Bertha Mahony Miller

Bertha Mahony Miller was the founding editor of Horn Book. She served in that post from 1924 to 1951.

Jennie Lindquist
Jennie D. Lindquist served as editor from 1951 to 1958. Before that, she held the title of managing editor under Bertha Mahony Miller.

Ruth Hill Viguers
Ruth Hill Viguers was the editor from 1958 to 1967. She was known to write stories concerning social realism.

Paul Heins
Paul Heins served as editor from 1967 to 1974 and was also a noted book critic. Before his tenure as editor, Heins was a teacher at the Boston English High School. During his editorship, he created the controversial Eleanor Cameron vs.

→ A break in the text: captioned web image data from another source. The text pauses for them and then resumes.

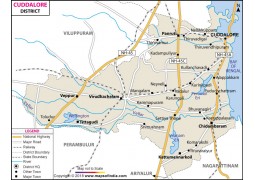 Cuddalore District Map, Tamil Nadu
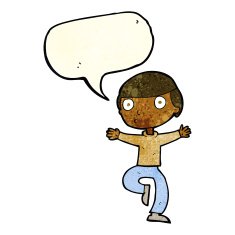 cartoon startled man with speech bubble N15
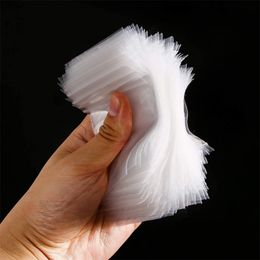50 stks 100 stks kleine hersluitbare ritssluiting zakken zelfafdichting doorzichtige plastic poly zak voor sieraden parringpakket opslag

Roald Dahl segment. He was also the author of two books: one being a retelling of Snow White illustrated by Trina Schart Hyman and the other Crosscurrents of Criticism: Horn Book Essays, 1968-1977.

Ethel Heins
Ethel L. Heins served as editor from 1974 to 1985. She added the sections "A Second Look" and "Out of Print — But Look in Your Library". Ms. Heins also wrote the book The Cat and the Cook and Other Fables of Krylov. She became editor as of the Magazine's 50th Anniversary edition.

Anita Silvey

Anita Silvey was editor of the magazine from 1985 to 1995, when she left to become the vice-president of Houghton Mifflin.

Roger Sutton
Roger Sutton became editor in 1996 and is the current editor as of 2019.